- [Source data]
........

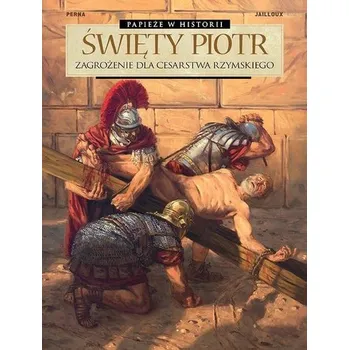 Komiks pro dospělé Święty Piotr. Zagrożenie dla Cesarstwa Rzymskiego - Patrice Perna, Marc Jaulloux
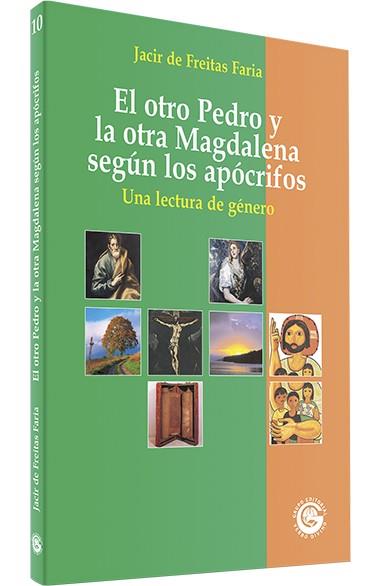 OTRO PEDRO OTRA MAGDALENA SEGUN APOCRIFOS | 9788481696820 | DE FREITAS FARIA, JACIR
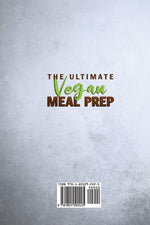 Arnold Smith The Ultimate Vegan Meal Prep back cover dietary guide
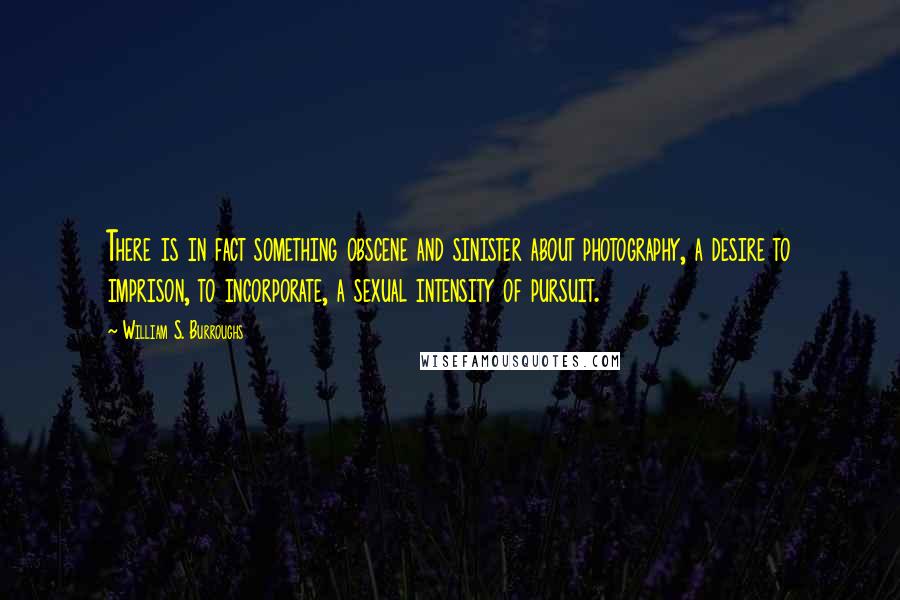 William S. Burroughs Quotes: There is in fact something obscene and sinister about photography, a desire to imprison, to incorporate, a sexual intensity of pursuit.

........

- [Problem details] Print each line from the one containing "OTRO PEDRO OTRA" through the last line of the listing, both included, exactly and with no pictures.

- [Result for this task]
 OTRO PEDRO OTRA MAGDALENA SEGUN APOCRIFOS | 9788481696820 | DE FREITAS FARIA, JACIR
 Arnold Smith The Ultimate Vegan Meal Prep back cover dietary guide
 William S. Burroughs Quotes: There is in fact something obscene and sinister about photography, a desire to imprison, to incorporate, a sexual intensity of pursuit.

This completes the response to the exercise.